## Data for this exercise:
========================================================================

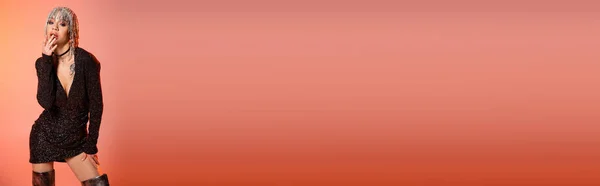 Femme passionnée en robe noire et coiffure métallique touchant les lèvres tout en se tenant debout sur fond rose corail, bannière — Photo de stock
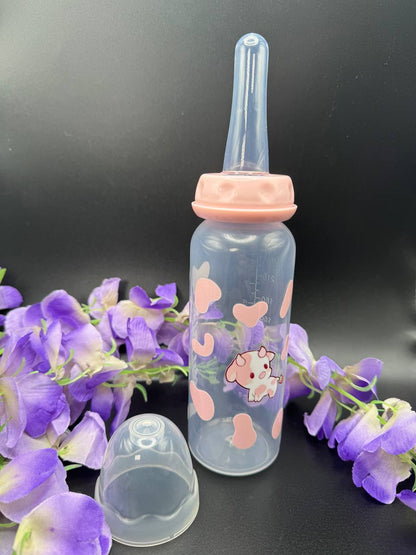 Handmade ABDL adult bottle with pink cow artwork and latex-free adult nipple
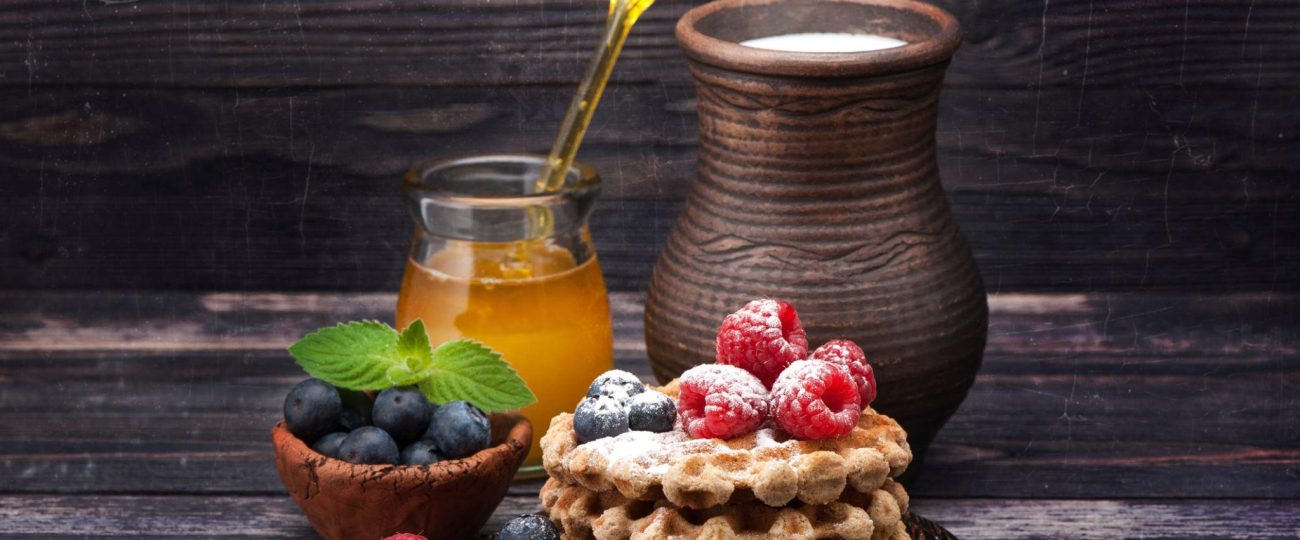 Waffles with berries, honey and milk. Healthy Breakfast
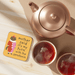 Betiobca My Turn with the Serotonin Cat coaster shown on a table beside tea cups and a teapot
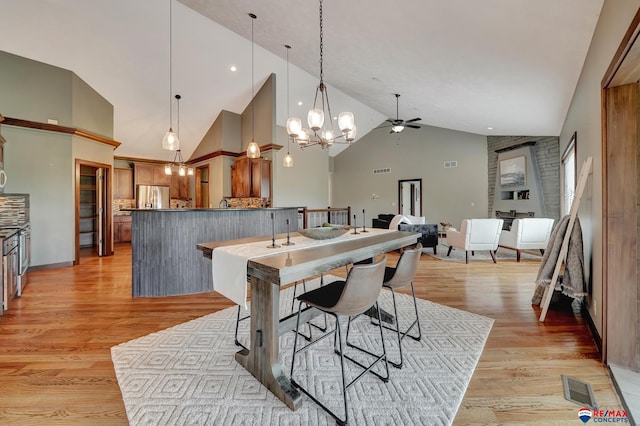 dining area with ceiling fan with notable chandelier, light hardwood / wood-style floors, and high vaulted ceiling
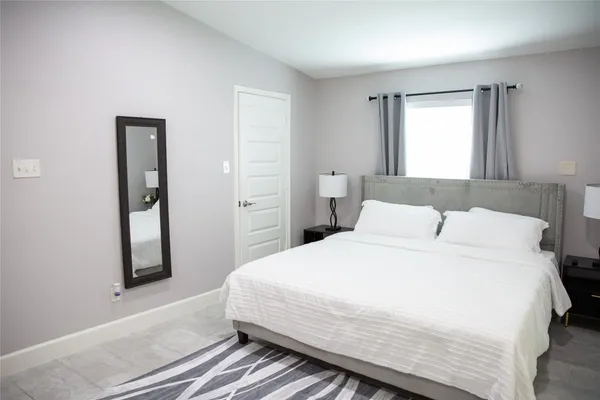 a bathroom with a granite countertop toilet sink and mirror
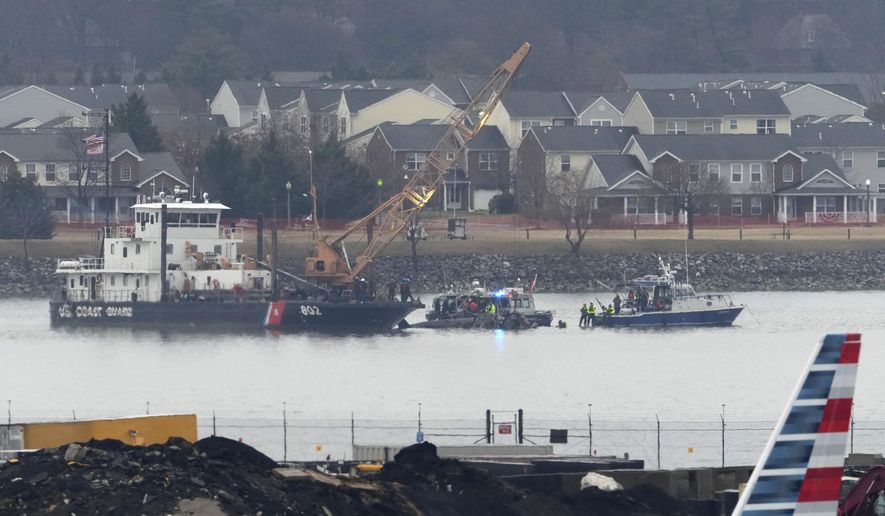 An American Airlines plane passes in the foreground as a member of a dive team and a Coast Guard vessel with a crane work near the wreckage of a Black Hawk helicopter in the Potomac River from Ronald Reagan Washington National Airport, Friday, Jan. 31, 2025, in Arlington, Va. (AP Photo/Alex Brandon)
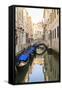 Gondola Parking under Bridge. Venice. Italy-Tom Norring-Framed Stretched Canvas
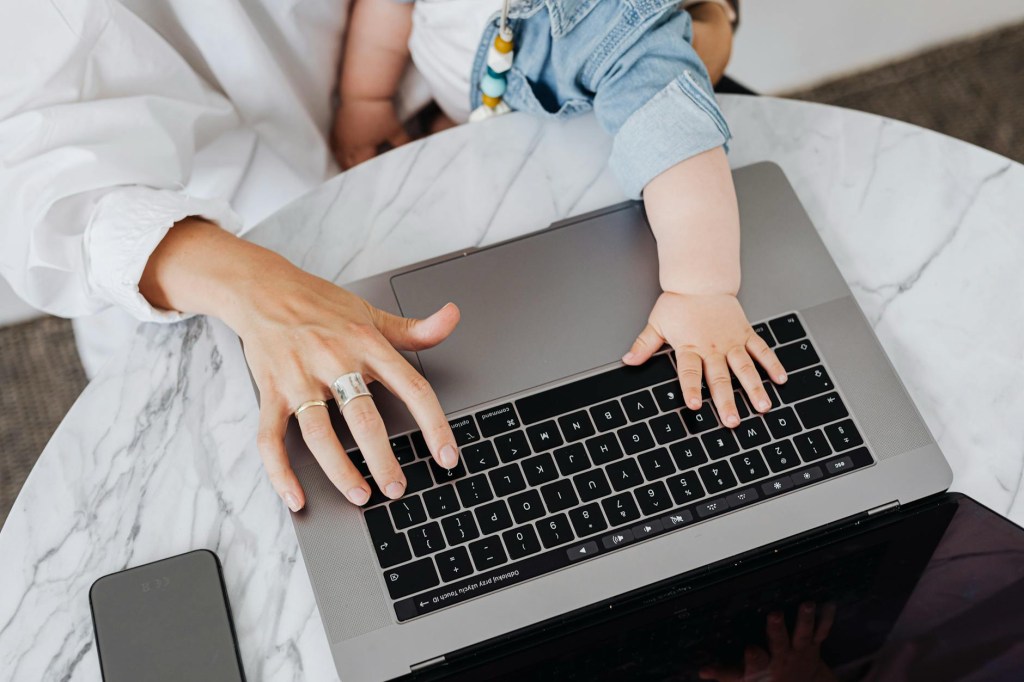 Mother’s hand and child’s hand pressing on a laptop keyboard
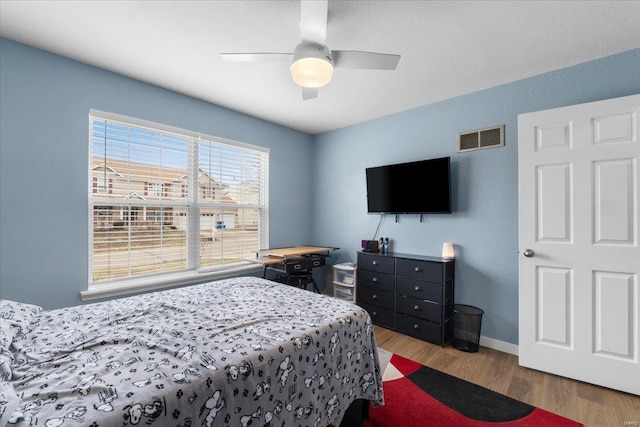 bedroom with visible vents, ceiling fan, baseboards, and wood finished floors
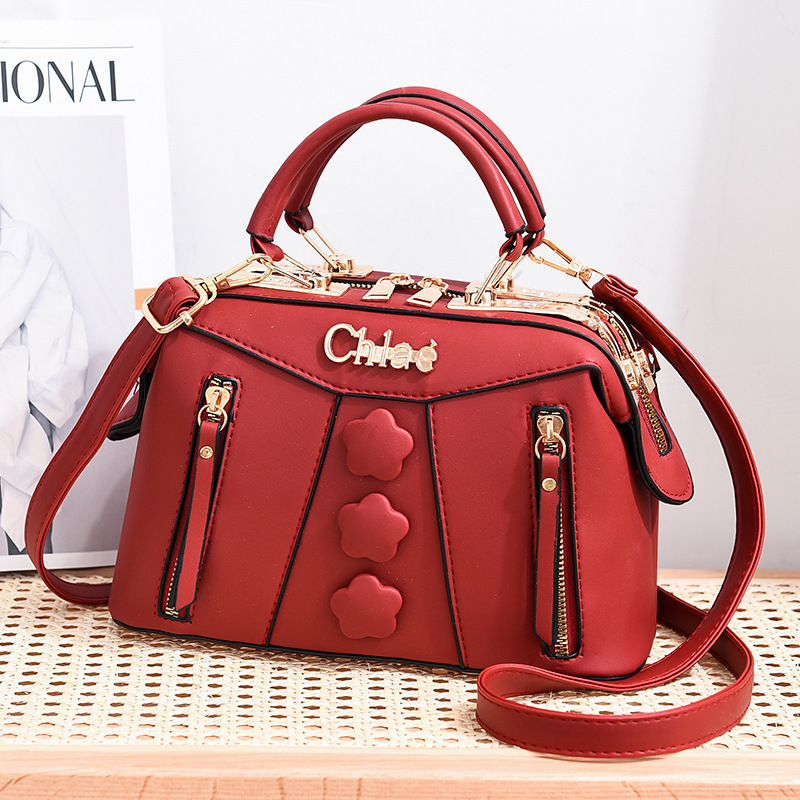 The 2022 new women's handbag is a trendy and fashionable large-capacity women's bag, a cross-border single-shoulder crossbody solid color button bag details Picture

========================================================================

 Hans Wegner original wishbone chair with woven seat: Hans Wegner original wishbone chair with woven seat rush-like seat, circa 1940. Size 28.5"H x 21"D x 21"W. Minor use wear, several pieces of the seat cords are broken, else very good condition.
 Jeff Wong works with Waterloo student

========================================================================

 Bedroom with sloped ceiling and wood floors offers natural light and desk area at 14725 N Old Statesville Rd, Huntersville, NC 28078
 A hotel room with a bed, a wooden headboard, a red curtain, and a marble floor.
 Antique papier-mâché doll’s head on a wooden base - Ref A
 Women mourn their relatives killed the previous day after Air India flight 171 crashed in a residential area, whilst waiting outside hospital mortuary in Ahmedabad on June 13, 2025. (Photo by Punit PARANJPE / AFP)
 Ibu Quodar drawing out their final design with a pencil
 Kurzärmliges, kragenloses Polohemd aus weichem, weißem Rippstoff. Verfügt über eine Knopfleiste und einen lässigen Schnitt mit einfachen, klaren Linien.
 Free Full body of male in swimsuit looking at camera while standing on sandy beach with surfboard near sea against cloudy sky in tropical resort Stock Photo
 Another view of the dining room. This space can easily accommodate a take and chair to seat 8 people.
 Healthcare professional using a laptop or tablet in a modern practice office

========================================================================

## Your assignment:
Search the records for lines holding the word "wooden", then copy each line you find.

## Response area:
 A hotel room with a bed, a wooden headboard, a red curtain, and a marble floor.
 Antique papier-mâché doll’s head on a wooden base - Ref A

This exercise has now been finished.